▸ **Task objective**
Return every line from the one with "2011 Audi R8 5.2" through the one with "Gucci Neckties Versatile 268871", inclusive, exactly as it appears below.

▸ **Records supplied**
[Start of section]
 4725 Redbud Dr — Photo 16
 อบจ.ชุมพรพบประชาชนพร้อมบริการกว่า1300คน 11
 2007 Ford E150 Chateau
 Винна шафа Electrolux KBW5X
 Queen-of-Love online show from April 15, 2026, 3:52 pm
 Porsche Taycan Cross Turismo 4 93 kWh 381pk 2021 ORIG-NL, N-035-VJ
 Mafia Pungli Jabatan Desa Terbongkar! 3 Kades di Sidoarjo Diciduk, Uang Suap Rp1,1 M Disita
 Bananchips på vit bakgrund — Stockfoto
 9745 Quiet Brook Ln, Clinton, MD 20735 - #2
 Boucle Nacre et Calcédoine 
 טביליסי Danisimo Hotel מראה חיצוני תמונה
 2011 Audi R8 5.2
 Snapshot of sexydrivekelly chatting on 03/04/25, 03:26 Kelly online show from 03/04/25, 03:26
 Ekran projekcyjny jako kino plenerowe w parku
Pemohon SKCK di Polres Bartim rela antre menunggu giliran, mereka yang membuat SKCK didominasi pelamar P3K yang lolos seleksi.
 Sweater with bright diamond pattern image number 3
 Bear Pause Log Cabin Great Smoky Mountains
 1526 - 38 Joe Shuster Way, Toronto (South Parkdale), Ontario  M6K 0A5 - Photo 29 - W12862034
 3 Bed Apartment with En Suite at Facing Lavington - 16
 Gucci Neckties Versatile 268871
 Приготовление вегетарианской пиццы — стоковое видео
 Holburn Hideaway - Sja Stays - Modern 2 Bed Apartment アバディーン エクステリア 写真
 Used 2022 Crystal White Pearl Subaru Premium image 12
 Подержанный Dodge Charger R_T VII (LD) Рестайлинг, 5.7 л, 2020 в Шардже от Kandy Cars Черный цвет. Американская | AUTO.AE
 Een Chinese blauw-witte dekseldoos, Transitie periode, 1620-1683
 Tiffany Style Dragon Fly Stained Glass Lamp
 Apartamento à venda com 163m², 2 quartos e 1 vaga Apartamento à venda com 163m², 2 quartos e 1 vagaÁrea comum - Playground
[End of section]
▸ **Reply to the exercise**
 2011 Audi R8 5.2
 Snapshot of sexydrivekelly chatting on 03/04/25, 03:26 Kelly online show from 03/04/25, 03:26
 Ekran projekcyjny jako kino plenerowe w parku
Pemohon SKCK di Polres Bartim rela antre menunggu giliran, mereka yang membuat SKCK didominasi pelamar P3K yang lolos seleksi.
 Sweater with bright diamond pattern image number 3
 Bear Pause Log Cabin Great Smoky Mountains
 1526 - 38 Joe Shuster Way, Toronto (South Parkdale), Ontario  M6K 0A5 - Photo 29 - W12862034
 3 Bed Apartment with En Suite at Facing Lavington - 16
 Gucci Neckties Versatile 268871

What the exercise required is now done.